2024年10月~12月にかけて放送された回では、
河北新報ニュースセンター副部長の 神田 一道 さんにインタビューをしました。
神田さんは河北新報の「やさしいにほんごニュース」を担当されています。
【 河北新報 「やさしいにほんごニュース」】
新聞社が発信するやさしい日本語のニュースは、まだ全国でも珍しいです。
河北新報ではどうして「やさしいにほんごニュース」を始めたのでしょうか?
「やさしいにほんごニュース」を書く際の工夫は?
通常の新聞記事との違いや、嬉しい反響についてなど、たくさんお話ししていただきました。
♪音声ではこちらから聴くことができます♪
ブログでは3回に分けてインタビューの内容をお届けします。
今回は第1回目です!
難しい言葉を簡単な言葉に言い換えるなど、外国人などにとって分かりやすくした日本語のことです。

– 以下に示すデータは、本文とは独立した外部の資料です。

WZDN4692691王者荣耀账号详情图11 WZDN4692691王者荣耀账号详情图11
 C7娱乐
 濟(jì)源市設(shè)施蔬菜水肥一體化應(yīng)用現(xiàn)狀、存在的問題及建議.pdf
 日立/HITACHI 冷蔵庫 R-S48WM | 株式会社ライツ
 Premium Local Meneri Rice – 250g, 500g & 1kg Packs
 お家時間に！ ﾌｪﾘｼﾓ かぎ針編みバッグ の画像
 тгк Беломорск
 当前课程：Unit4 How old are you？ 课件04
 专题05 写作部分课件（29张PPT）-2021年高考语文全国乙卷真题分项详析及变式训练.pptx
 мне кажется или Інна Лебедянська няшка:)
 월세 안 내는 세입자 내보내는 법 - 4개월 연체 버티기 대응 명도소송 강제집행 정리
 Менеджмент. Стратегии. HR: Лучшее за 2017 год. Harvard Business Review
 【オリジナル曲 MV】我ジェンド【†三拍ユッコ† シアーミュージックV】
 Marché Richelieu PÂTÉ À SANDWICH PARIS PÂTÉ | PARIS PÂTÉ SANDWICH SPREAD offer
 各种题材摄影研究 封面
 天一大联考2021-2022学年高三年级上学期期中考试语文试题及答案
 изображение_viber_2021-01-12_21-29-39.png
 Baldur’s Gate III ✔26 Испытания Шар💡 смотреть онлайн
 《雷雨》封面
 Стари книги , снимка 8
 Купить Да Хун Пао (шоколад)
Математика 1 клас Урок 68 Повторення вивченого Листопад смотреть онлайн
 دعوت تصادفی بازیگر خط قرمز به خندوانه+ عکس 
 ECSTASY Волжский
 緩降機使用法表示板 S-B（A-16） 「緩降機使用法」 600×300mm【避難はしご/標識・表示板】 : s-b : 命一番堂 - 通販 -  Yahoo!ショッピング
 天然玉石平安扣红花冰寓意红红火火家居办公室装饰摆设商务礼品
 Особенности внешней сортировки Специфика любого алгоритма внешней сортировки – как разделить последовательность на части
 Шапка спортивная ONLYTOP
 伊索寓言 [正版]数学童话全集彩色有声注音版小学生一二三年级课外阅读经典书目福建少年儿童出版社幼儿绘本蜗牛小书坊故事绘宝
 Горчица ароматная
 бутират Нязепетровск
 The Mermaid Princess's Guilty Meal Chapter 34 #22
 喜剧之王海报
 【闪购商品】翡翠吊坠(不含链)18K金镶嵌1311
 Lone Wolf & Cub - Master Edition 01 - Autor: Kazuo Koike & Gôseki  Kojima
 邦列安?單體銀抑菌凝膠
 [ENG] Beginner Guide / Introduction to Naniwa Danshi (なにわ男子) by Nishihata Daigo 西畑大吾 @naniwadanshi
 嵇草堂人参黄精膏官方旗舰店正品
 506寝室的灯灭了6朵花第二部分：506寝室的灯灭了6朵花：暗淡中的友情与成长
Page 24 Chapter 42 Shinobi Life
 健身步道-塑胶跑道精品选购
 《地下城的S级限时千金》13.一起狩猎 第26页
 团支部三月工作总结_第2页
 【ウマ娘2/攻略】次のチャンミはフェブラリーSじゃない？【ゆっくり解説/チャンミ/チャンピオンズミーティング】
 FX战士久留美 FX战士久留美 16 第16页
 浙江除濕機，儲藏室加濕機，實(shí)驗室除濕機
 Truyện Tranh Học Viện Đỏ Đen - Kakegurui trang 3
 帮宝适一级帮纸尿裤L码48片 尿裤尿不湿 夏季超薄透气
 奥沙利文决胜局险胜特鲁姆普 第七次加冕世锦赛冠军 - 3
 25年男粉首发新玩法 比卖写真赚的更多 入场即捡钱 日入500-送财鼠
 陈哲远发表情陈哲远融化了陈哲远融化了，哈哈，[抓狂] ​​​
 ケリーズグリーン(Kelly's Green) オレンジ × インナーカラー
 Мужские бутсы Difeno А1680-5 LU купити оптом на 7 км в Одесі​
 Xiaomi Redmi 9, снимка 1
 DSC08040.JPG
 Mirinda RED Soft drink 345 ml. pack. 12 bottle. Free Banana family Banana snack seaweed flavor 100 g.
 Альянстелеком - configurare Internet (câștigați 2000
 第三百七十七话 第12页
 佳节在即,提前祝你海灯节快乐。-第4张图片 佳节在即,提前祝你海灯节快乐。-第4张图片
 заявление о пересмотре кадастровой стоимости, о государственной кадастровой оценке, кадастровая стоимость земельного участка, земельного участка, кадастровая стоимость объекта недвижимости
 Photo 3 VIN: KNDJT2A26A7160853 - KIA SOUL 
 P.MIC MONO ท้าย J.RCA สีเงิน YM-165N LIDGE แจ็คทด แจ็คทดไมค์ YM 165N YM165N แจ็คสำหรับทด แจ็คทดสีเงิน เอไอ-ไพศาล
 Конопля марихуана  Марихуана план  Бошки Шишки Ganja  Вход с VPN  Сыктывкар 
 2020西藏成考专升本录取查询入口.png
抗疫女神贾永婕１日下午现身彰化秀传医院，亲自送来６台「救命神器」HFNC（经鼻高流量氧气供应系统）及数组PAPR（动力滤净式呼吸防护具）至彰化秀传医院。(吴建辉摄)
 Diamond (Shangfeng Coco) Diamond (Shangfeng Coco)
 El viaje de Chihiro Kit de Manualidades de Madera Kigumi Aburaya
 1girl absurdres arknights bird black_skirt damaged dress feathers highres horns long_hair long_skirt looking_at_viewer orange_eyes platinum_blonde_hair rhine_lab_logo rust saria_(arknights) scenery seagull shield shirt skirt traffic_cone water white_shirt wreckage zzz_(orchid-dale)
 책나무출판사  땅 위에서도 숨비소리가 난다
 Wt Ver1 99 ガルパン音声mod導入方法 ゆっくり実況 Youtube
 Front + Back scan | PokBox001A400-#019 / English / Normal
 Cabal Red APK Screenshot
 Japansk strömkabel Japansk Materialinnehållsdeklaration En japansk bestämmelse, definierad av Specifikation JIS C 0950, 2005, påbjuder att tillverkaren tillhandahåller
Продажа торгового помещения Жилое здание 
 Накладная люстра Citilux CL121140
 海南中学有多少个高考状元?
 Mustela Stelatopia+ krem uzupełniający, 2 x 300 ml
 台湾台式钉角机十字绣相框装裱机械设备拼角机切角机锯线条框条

1995年に関西で阪神淡路大震災という大きな地震が起こり、その時、多くの外国人が大事な情報をもらえなくて困っていました。それをきっかけに、やさしい日本語はわかりやすくて早く災害情報を知らせるための方法として生まれました。現在、やさしい日本語は、外国人にとって分かりやすい会話や情報を届けるためのツールとして日々使われています。
その中で、仙台の新聞社、河北新報もやさしい日本語で情報を出しています。
【インタビュー】
聞き手:CIR イーライ、テシア
イーライ
神田さん、今日はどうもありがとうございます。改めて自己紹介をお願いします。
神田さん
河北新報編集局のニュースセンターでデスクをしている 神田 一道 と申します。 入社して27年目になります。
デスクという仕事について少し説明します。
新聞社には新聞記者がいます。そしてその上に、キャップというお仕事があります。キャップは新聞記者を指導したり、まとめたり、こういう取材したらどうかとアドバイスをしたり、あるいはちょっと原稿を直したりします。その上に、原稿をさらにチェックして、新聞記事を作ってくれる人に渡す作業をする人がいます。これがデスクです。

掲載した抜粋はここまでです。